Your assignment: Filter the entries for the string "ceiling". Copy each line that has it.

(Caption-style text data)
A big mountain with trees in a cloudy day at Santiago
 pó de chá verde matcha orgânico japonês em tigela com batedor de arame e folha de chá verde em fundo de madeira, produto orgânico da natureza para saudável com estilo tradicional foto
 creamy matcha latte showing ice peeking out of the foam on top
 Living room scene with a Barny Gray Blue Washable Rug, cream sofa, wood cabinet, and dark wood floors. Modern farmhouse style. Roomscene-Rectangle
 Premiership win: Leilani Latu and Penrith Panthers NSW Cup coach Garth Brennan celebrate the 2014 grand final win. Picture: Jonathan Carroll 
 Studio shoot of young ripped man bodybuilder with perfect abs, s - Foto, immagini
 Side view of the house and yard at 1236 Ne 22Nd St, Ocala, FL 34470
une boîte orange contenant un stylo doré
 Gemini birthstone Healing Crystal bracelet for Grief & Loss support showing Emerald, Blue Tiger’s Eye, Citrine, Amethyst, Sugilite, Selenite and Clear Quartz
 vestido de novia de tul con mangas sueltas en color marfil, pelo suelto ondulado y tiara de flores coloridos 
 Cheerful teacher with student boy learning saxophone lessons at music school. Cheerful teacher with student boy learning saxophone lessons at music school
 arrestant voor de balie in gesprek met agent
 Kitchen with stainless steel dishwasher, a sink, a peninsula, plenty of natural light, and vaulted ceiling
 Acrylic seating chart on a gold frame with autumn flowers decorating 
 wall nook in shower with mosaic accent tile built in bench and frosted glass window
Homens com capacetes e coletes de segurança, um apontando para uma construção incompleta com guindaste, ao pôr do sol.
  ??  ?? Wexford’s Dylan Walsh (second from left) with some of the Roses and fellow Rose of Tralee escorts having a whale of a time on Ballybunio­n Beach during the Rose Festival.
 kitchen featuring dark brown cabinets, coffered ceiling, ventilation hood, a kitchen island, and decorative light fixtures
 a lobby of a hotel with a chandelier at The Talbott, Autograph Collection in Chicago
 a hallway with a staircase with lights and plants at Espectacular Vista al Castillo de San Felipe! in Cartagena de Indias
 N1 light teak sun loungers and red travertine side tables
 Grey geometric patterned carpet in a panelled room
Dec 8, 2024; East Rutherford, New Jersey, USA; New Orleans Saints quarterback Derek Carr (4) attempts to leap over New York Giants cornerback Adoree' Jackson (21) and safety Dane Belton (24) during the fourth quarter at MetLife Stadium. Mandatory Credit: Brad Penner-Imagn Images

Answer box:
 Kitchen with stainless steel dishwasher, a sink, a peninsula, plenty of natural light, and vaulted ceiling
 kitchen featuring dark brown cabinets, coffered ceiling, ventilation hood, a kitchen island, and decorative light fixtures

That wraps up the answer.